Two-thirds of businesses expect to undergo some form of technological transformation sometime in the next five years, while almost as many expect to transform their approach to sustainability, according to a survey of 1,000 executives around the world.
Professional services firm Mazars sounded out views at the end of 2021 and found business leaders focused on technology, cyber risk and ESG agendas.
According to 45% of executives polled for the C-Suite Barometer 2021, home working was the most significant challenge caused by the pandemic, with half saying remote working is “here to stay”.
With that in mind, 94% say technology trends will impact their businesses, while 82% say they plan to increase investment in “maintaining and evolving IT systems”.
Asam Malik, a Mazars partner in technology and consulting, says companies face a “war for tech talent”. They must establish tech expertise in boardrooms and recognise the risks, particularly cyber risk, that comes with pursing the opportunities brought by new technologies.
“If you compare the list of the world’s largest companies 20 years ago to today, it’s clear how important tech has become as a driver of business growth,” says Malik.
“There are huge opportunities for those companies that get it right and those that get it wrong risk becoming obsolete.”
Confronting cyber risk
According to Jan Matto, a fellow partner at Mazars, the first challenge in confronting cyber risk is for companies to “close the gap” between their security policies and the technology on desks and in offices.
Another is to carefully manage relationships with technology providers, given the difficulties involved in verifying their security measures.
Lastly, companies should consider a cyber attack inevitable, and prepare a recovery plan to minimise disruption.
“Getting all this right will take time and it can be expensive,” says Matto. “But only a fraction as expensive as a cyber incident could be to your business.”
Elsewhere executives now recognise the centrality of ESG and sustainability to their business strategies.
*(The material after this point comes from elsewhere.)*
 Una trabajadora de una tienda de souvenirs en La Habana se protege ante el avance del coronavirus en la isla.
Of those polled 70% say Covid-19 has “sharpened their focus on ESG”, 75% say they have plans to increase investment in “sustainability initiatives” during this year, while a mighty 91% say they’re “confident” of coming to terms with ESG “expectations”.
There are some surprises though. For most businesses, (62% and 60%) reducing waste and cutting pollution are their top two sustainability priorities. Human rights (58%) come in third, but getting to “net zero” is last on a list of eight (47%).
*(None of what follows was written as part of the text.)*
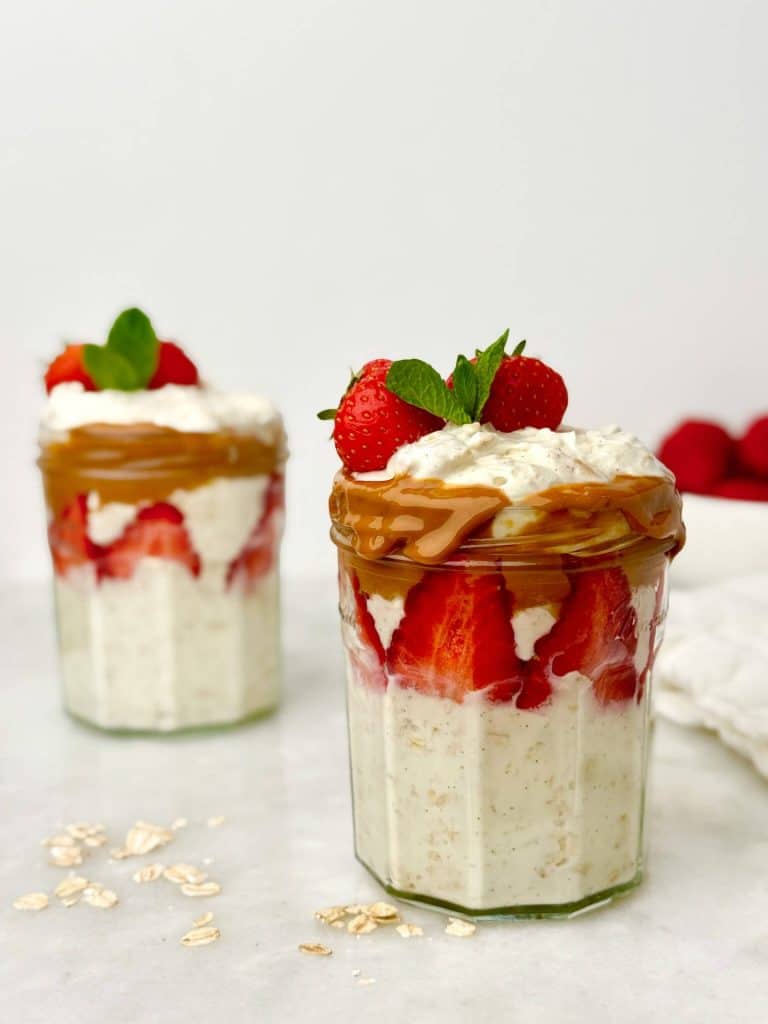Close-up of a high-protein yogurt parfait with oats in a glass jar, layered with fresh strawberries and creamy peanut butter, with rolled oats scattered on the surface.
Complexity of carbon reductions
Maud Gaudry, global co-head of sustainability at Mazars, says the priorities revealed by the survey are a “little surprising”. But it may be because other objectives are easier. “Committing to, never mind achieving, net zero and meaningful carbon reductions requires a lot of effort, a lot of planning and lot of investment.
“It’s good to see that businesses understand this complexity and are not making commitments lightly.”
Chris Fuggle, also global co-head of sustainability at Mazars, says leaders must work on turning ESG commitments into firm policies, improve data collection and deepen knowledge of the issue inside boardrooms.
“You also need to recognise this isn’t a quick fix. It’s going to be a five to ten-year journey for everyone. The important thing is to get started.”